• **Information shown**:
▬▬▬

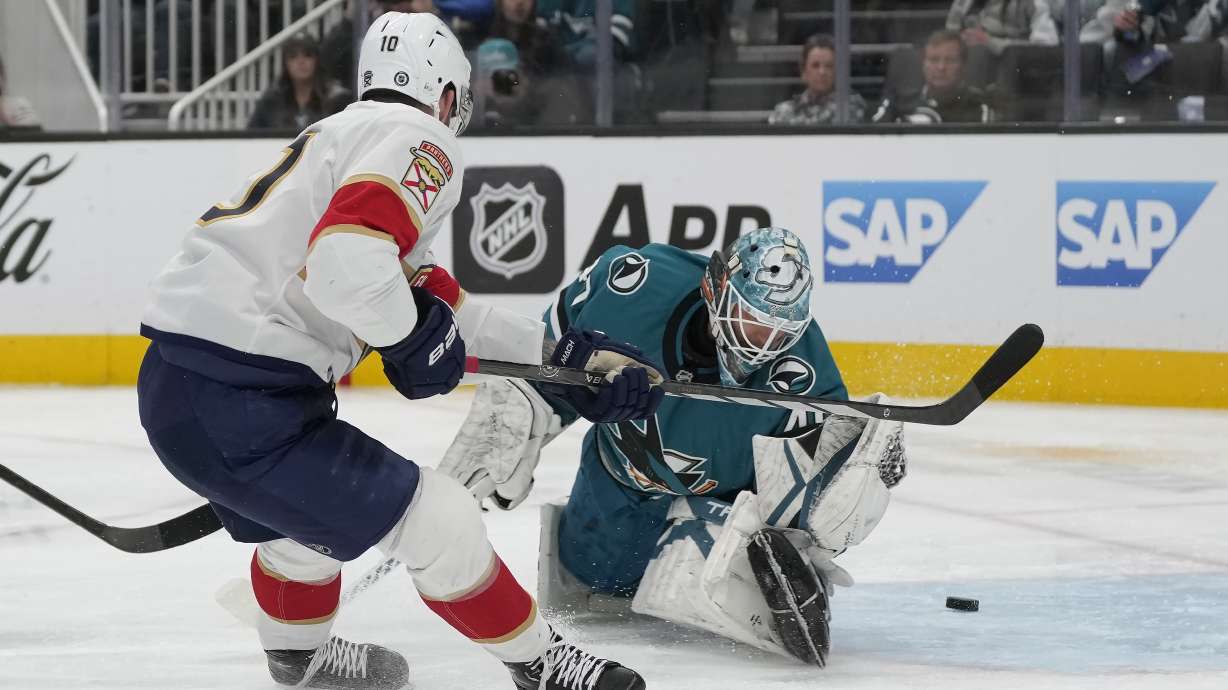 Aaron Ekblad scores in return from injury in the Panthers' 7-2 victory over the Sharks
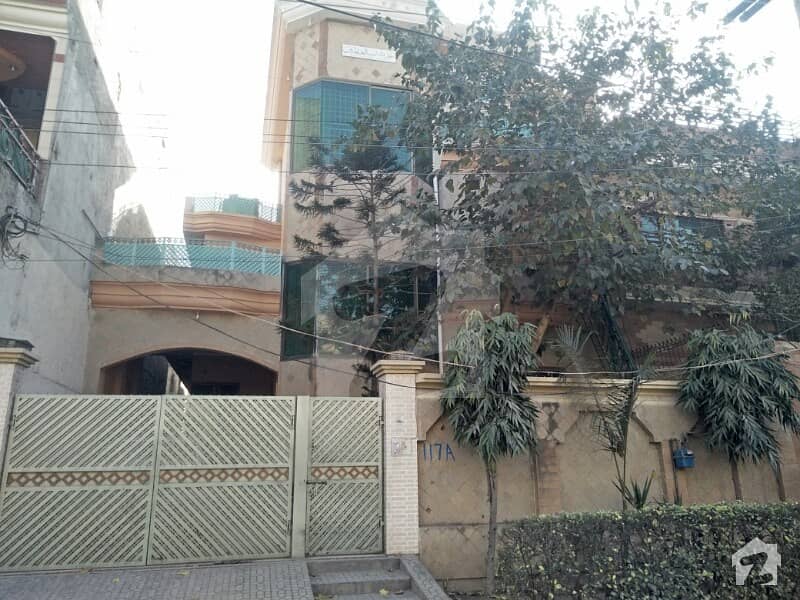 Golden Opportunity 12 Marla Triple Storey House Fr Sale Near Park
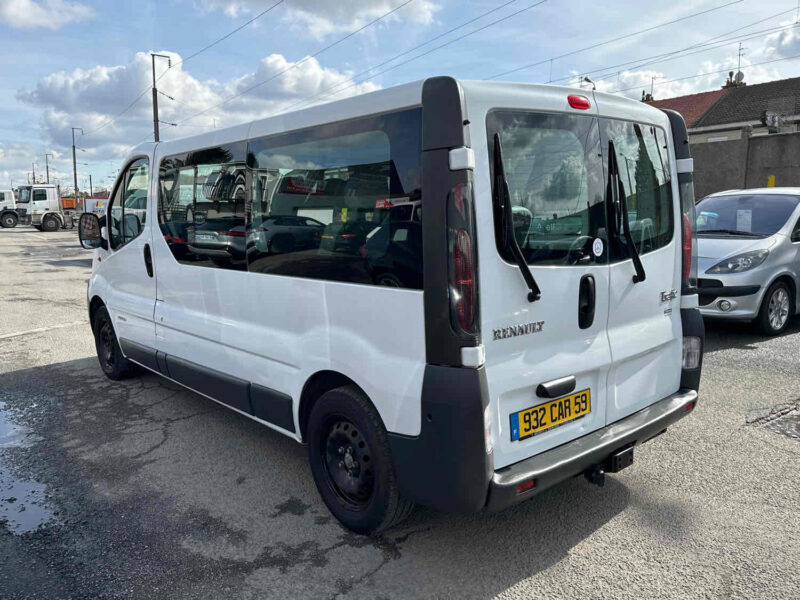 RENAULT TRAFIC DCI 9 places minibus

▬▬▬

• **Work to be completed**:
Print the listing word for word, but omit the pictures.

• **Solution to this task**:
 Aaron Ekblad scores in return from injury in the Panthers' 7-2 victory over the Sharks
 Golden Opportunity 12 Marla Triple Storey House Fr Sale Near Park
 RENAULT TRAFIC DCI 9 places minibus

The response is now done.